### WORK ORDER
Each line below with the string "featuring" should be copied.

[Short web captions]
========================================

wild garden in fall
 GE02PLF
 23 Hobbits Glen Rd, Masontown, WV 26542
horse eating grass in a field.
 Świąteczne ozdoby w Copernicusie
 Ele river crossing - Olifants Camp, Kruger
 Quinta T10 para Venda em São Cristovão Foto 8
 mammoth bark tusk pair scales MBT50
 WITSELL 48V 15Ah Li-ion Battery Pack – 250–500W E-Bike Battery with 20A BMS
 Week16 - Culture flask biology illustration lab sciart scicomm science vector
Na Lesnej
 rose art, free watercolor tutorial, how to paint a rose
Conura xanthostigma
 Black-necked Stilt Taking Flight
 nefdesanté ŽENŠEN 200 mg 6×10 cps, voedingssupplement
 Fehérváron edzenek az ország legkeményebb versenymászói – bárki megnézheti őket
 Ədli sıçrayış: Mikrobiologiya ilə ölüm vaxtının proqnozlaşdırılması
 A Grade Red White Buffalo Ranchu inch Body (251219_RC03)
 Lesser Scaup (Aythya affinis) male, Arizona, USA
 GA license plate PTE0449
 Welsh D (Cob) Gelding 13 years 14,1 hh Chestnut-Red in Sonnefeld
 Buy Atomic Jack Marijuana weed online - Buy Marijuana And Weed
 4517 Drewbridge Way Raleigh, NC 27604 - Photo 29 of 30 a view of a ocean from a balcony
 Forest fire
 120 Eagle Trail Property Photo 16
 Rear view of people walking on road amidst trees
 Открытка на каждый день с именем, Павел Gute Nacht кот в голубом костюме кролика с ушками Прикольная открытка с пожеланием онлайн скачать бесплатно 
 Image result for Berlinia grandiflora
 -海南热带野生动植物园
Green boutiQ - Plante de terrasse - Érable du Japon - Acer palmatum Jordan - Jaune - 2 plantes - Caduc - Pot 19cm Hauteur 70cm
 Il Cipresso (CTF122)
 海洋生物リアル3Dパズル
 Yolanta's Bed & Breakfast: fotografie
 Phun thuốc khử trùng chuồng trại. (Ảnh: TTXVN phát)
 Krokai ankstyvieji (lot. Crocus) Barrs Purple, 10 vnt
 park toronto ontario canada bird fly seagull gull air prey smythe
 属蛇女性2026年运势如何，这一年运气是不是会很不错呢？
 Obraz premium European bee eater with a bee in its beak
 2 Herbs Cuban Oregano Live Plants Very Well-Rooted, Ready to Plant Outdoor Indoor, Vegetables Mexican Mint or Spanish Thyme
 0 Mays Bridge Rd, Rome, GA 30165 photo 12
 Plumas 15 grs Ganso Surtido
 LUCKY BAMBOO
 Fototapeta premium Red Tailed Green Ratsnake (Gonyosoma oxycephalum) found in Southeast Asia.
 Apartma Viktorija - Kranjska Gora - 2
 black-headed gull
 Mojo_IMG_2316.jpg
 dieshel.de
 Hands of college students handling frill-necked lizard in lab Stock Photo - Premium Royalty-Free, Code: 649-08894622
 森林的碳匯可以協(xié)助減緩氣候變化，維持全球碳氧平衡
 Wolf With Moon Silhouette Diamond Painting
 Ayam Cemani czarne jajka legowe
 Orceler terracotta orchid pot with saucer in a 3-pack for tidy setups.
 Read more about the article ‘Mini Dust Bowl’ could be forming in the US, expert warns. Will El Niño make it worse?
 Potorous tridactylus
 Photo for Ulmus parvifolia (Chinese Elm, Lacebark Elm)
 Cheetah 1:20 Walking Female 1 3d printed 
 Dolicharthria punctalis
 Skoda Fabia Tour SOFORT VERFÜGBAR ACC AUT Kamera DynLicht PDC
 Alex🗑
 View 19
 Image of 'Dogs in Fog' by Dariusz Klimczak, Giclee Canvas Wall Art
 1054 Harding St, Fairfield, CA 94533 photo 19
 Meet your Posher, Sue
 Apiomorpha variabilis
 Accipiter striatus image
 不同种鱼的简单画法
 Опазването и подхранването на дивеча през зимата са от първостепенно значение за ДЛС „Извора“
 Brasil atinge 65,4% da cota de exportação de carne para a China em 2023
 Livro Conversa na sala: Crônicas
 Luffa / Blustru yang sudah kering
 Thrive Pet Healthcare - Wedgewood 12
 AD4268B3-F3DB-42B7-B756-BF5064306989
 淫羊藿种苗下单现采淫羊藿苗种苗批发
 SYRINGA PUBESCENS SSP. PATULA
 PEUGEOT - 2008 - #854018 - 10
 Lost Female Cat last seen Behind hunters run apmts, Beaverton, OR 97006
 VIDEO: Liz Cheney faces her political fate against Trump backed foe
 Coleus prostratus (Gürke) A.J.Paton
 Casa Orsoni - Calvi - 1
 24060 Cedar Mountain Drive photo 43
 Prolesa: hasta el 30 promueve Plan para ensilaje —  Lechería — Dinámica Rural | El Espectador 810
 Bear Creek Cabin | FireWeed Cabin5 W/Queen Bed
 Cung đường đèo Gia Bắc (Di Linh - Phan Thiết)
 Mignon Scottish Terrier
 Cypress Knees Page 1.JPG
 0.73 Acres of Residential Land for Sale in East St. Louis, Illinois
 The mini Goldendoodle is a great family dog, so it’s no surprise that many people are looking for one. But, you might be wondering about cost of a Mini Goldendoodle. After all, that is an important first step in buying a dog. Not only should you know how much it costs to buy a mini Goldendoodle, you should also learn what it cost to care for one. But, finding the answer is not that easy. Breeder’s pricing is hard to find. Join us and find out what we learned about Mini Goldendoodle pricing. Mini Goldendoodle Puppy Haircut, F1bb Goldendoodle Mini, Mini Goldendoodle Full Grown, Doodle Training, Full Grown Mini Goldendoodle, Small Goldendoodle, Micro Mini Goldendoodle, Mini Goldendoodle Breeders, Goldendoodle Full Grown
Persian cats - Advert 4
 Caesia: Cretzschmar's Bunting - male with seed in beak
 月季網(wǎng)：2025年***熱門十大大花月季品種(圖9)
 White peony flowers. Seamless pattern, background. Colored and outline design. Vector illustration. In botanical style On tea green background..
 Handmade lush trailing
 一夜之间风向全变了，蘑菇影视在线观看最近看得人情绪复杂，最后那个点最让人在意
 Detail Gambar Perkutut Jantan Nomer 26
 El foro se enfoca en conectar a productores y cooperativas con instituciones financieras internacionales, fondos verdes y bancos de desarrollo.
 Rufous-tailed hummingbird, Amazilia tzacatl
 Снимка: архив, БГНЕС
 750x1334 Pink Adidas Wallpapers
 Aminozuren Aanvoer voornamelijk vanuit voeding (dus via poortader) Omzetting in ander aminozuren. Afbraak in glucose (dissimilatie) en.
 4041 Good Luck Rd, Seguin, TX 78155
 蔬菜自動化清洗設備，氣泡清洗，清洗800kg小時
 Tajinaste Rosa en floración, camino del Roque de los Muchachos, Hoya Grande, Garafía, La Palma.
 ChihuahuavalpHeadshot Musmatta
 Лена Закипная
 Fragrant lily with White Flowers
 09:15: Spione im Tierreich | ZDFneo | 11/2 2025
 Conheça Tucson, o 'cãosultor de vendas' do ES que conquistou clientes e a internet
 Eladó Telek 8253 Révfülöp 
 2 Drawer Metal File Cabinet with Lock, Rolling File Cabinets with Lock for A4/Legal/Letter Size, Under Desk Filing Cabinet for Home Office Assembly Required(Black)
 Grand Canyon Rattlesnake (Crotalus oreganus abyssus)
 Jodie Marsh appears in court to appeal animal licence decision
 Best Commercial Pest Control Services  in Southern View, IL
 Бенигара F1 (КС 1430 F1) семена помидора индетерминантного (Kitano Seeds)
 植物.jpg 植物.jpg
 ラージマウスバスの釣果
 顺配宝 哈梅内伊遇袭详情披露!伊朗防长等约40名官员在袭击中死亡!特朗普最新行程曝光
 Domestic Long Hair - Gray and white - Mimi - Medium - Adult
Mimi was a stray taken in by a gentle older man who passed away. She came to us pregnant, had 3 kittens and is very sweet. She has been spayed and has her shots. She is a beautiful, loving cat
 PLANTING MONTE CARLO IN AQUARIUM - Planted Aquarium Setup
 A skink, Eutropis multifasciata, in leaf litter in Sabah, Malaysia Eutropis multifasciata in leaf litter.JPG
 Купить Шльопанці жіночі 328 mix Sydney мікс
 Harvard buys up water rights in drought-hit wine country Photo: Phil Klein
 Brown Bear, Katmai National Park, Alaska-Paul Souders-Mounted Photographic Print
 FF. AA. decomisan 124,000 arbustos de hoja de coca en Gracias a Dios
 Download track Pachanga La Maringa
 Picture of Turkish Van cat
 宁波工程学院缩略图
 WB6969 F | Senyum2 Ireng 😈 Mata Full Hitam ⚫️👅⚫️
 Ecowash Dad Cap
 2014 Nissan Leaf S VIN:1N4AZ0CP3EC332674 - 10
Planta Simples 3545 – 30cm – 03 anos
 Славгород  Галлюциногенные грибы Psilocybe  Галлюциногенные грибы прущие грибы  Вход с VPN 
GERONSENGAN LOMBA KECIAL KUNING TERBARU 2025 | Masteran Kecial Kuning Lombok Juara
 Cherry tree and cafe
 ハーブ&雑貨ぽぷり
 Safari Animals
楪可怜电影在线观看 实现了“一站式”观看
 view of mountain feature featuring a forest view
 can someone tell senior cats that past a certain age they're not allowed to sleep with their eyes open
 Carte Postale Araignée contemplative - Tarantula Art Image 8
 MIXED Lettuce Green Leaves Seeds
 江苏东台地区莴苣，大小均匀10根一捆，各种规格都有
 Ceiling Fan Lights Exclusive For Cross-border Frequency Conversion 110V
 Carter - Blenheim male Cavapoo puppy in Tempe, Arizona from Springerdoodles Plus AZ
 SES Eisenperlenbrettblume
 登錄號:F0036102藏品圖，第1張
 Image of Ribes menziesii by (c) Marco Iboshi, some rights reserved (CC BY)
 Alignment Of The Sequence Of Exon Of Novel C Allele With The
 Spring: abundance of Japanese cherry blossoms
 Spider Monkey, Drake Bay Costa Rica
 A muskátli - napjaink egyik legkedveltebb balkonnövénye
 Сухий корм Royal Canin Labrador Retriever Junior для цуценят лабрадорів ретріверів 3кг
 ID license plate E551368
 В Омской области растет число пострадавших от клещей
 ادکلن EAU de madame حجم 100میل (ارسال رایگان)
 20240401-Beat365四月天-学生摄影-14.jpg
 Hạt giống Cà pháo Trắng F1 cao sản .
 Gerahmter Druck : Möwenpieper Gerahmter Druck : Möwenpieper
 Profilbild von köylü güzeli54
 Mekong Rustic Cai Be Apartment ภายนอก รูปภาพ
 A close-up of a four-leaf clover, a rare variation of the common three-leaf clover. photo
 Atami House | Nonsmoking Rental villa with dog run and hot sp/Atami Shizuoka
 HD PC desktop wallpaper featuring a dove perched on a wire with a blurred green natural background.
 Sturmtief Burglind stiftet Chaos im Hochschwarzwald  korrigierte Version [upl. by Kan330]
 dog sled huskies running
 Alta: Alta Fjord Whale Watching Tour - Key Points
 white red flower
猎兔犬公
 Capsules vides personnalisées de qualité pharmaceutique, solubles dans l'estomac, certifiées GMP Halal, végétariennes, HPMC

========================================

### ANSWER TO THIS EXERCISE
 view of mountain feature featuring a forest view
 HD PC desktop wallpaper featuring a dove perched on a wire with a blurred green natural background.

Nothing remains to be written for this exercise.